Leaving out every picture, retype the lines below from the top through the one that contains "a cloudy sky.".

**AVAILABLE DATA**.
=====
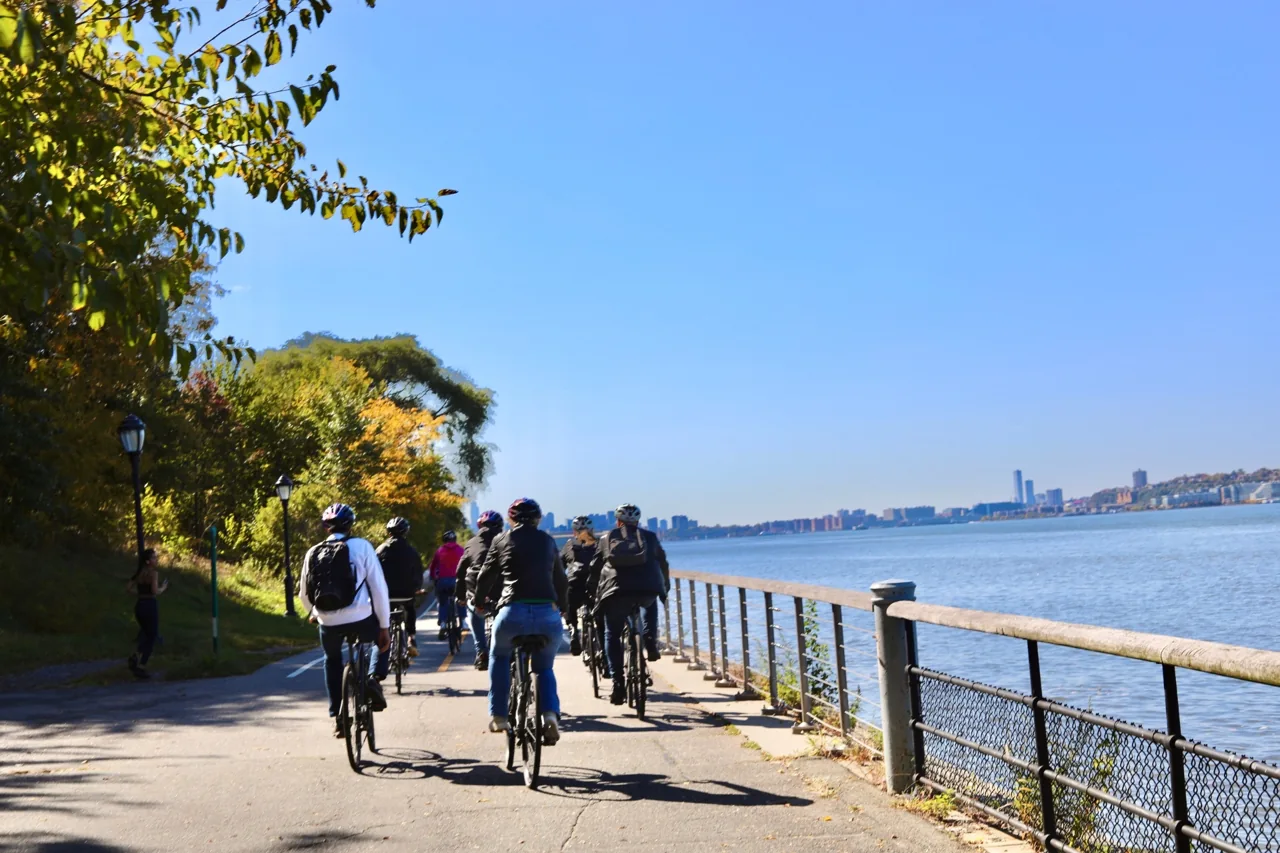 Cyclists on a waterfront path overlooking the bay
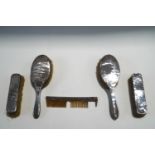 A pair of silver dressing table hair brushes; pair of clothes brushes;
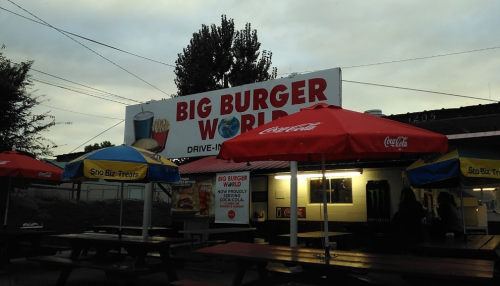 Sign for "Big Burger World" drive-in with red umbrellas and picnic tables in front, under a cloudy sky.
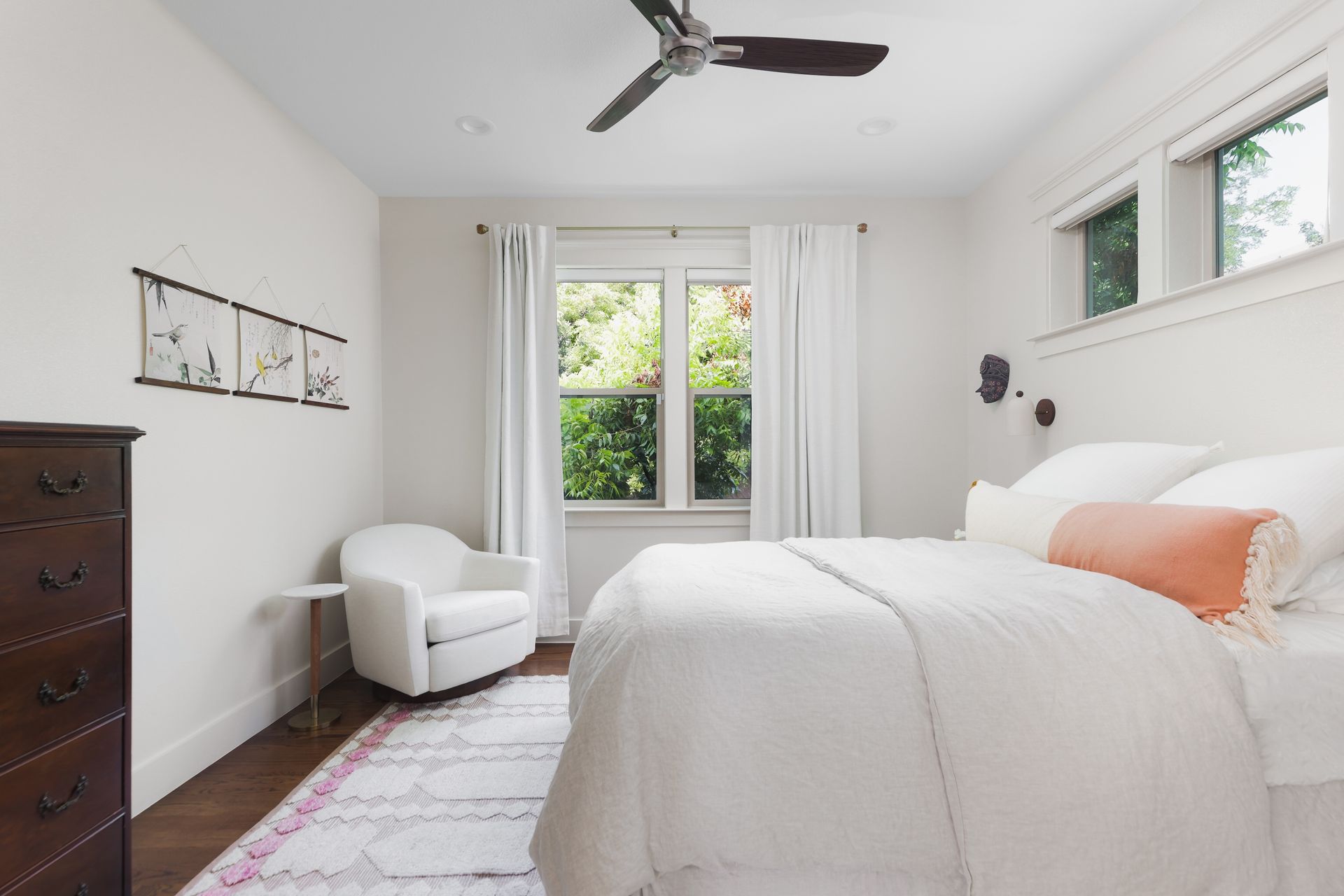 A bedroom with a bed , chair , dresser and ceiling fan.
=====
**EXERCISE RESULT**.
 Cyclists on a waterfront path overlooking the bay
 A pair of silver dressing table hair brushes; pair of clothes brushes;
 Sign for "Big Burger World" drive-in with red umbrellas and picnic tables in front, under a cloudy sky.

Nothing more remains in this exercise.